Mark Hollis creates a frequent intensity that stifles the listener at first, and like an enthralling painting, quietly clutches your interest in a way that draws you in completely. Listening to Mark Hollis’ self-titled helps separate you from the chaos of your own life, and for a moment houses you into a desolate shed away from the everyday disorder of life. In that respect, the similarity between [i]Mark Hollis and Pink Moon
is uncanny in that they both are beacons of calmness. The only difference between the two is that Hollis mends folk, silence, free-jazz into emotionally raw song-writing. Then again, much of the album’s success is owing to Hollis’ wonderful voice that undulates softly and comforts the listener, almost blanketing the still atmosphere with a cloak of comfort. “Colour of Spring” opens with a few blank seconds of silence, and the use of silence is perfected by Hollis who paints his songs with wonderful detail and subtlety. This almost poetic subtlety is reinforced in Hollis’ cryptic lyrics “And yet I'll gaze/The colour of spring/Immerse in that one moment/Left in love with everything/Soar the bridges/That I burnt before/One song among us all”
. Each hollow silence only intensifies the emotion of Hollis’ song. The simple piano melody of “Colour of Spring” allows Hollis to fluctuate his voice in a manner that seems so personal and mournful. It is this that makes the self-titled one of the most intimate and personal records made. Listening to the record feels like one is intruding into the deepest depths of a person’s emotions, and to be given that opportunity makes the record so indelible and distinctive.
Almost immediately after the subtle strokes of piano of “Colour of Spring”, Hollis displays his sublime ability to inject minimalism into an interesting concoction in “Watershed”, where the atmosphere is dripping with life and emanating moods of Spring, yet the arrangements of the instruments are composed in a way that gives every instrument a chance to breathe. This facet is present in much of the album and the harmonious blend of every croon of the horns and every subtle strum of the guitar is weaved so that none of the instruments intrude on one another. Hollis does this with such precision that it is not noticeable at first. In “Westward Bound”, the ever-present jazz influences are able to be demonstrated to their greatest degree and the slight hum of Hollis’ beautiful voice anchors some of the songs when they begin to cave inward into moments of tedium. These moments are the exception rather than the rule. The importance of Hollis’ voice cannot be overstated to the success of the album for the listener. If not appreciated, the bleak and grey of the album’s atmosphere would wallow flat and hollow, without the operatic croon of Mark Hollis’ voice to lift it into a more elevating echelon.
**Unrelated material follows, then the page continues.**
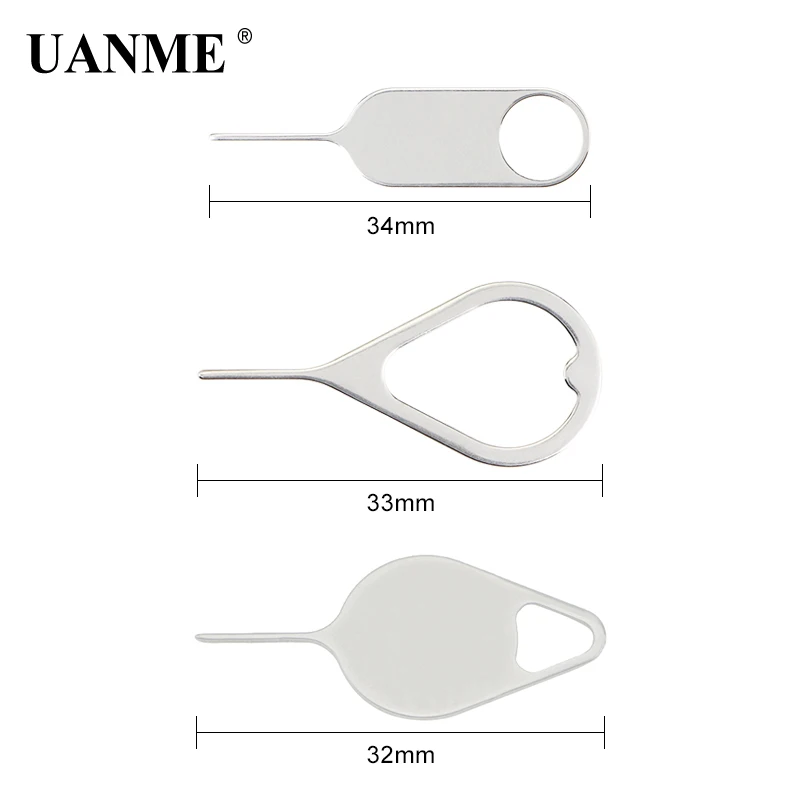 UANME лоток для сим-карты для удаления Выталкивающая шпилька ключ открытый инструмент для iPhone X 7 8 6 6 S Plus/iPad/SamSung/Xiaomi и многое другое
Much of the music, it seems, is divided between the so-called post-rock dirge and the fluid Jazz. The best example to encapsulate the latter would be “The Gift”, which grooves with bobbing rhythm. Easily the most instrumentally full song on Mark Hollis, it demonstrates an added facet, proving that Mark Hollis can handle multiple dimensions to his song-writing. “A New Jerusalem” ends the record as it began – with a moment of tranquility and peacefulness that has me envisioning a cold grey waterfront, tip-toeing the fringe between the sea and the pavement. Ending the record with fitting moments of silence, Mark Hollis ends with a dead moment of closure. Mark Hollis sits conjuring up music in the grey hours of morning you can take walks through, in your nonchalant leisure, against the fleeting cars running past. I could see Mark now, kneeling at the side of his bed, closing his eyes and humming distant melodies out of his window. That’s the images I conjure, that is the place where I connect and walk through the world he has created. And such an image is more than enough to put a smile on my face.